Action Alert!

the mahony files

By ( articles ) | Dec 05, 2006

What did he know and when did he know it? Reporters, plaintiff attorneys, the DA, the grand jury, insurance companies, victim advocacy groups and victims themselves all want a look at Cardinal Mahony's archdiocesan files. He's been outstandingly nimble in avoiding disclosure. Herewith a brief overview of his moves.

November 2003. Citing a First Amendment right to freedom of religion, Mahony's lawyers claim it's "a simple matter of law" that the priest-penitent privilege extends to priest-superior communications. We read: "Lawyers for the archdiocese said Cardinal Roger Mahony had favored openness, but his legal advisers had overruled him."

January 2004. Mahony's lawyer Michael Hennigan asserts a "formation privilege" between a bishop and his priests, stemming from a bishop's ecclesiastical duty to provide a lifetime of formative spiritual guidance to his clergy.

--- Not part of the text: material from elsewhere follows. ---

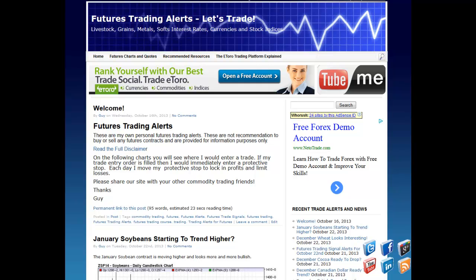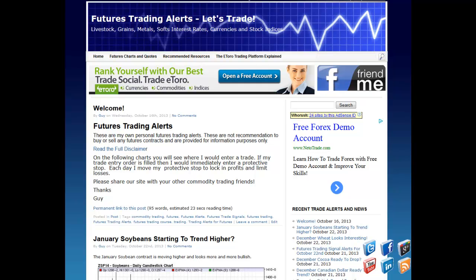Welcome to Futures Trading Alerts. On this blog I'll be posting my own personal futures trading alerts. These are not recommendations to buy or sell futures contracts and are provided for informational purposes only. So please read the full disclaimer.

March 2004. Asked about why legal experts had never heard of the "formation privilege," Attorney Hennigan answered, "Because it doesn't exist. I used the phrase once, a year and a half ago, in a different context, and discarded it." Then why not release the archdiocesan records? Because it would be illegal to do so, as they are the subject of court proceedings. "Even if we decided it is in the best interest of the church to distribute these documents, we could not do so. It is prohibited by law."

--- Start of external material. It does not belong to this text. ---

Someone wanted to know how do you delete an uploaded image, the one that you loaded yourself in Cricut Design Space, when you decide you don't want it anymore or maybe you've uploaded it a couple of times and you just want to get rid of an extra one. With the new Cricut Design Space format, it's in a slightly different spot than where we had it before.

January 2005. Attorney Hennigan claims disclosure would "breach" the priest-bishop relationship and thus "would be a grave interference with the practice of Catholicism."

January 2005. The files aren't sacred after all. Attorney Hennigan claims the insurance companies suing to see the records "have full access to the files ... They are supposed to be on our side."

Spring 2005 The Archdiocese announces its willingness to make "proffers" -- i.e., summaries of contents of priests' personnel files -- available on its website. Was the sacrosanct nature of the priest-bishop privilege respected? The priests didn't think so. Attorneys for the priests attempted to block the proffers in the California Court of Appeals and later the state Supreme Court.

March 2005. Mahony insists, "The files are not going to be released publicly, no matter what happens." Asked why the fight to withhold the records, if they don't contain incriminating information, he answered, "Because it's the principle, the privilege. You've got to keep in mind the priests involved -- it's their files. The priests have protection under the California Evidence Code."

July 2005. Ordered by an appellate court to comply with grand jury subpoenas personnel records of two priests, Archdiocesan attorney Donald Woods said he hoped a higher court would take a different view of the priest-penitent privilege and allow three-way communications between the bishop, his vicar and an accused priest to fall within it. "It's like having two priests in the confessional instead of one," he said.

December 2006. Mahony argued that he can't release the files because a priest owns his own file, and state law forbids disclosure without the priests' consent. "If I took someone's file and released privileged information, I could be sued," he said. "The argument isn't with me, it's between the priests who own the files and the plaintiffs and the judges."


In sum, to make the Archdiocesan records public violates the free exercise clause of the First Amendment, the priest-penitent privilege, the formation privilege, the California Evidence Code, Grand Jury confidentiality requirements, the priest-bishop bond, and the priest's property rights. And the employees of Archdiocesan insurance companies have full access. Clear, I hope?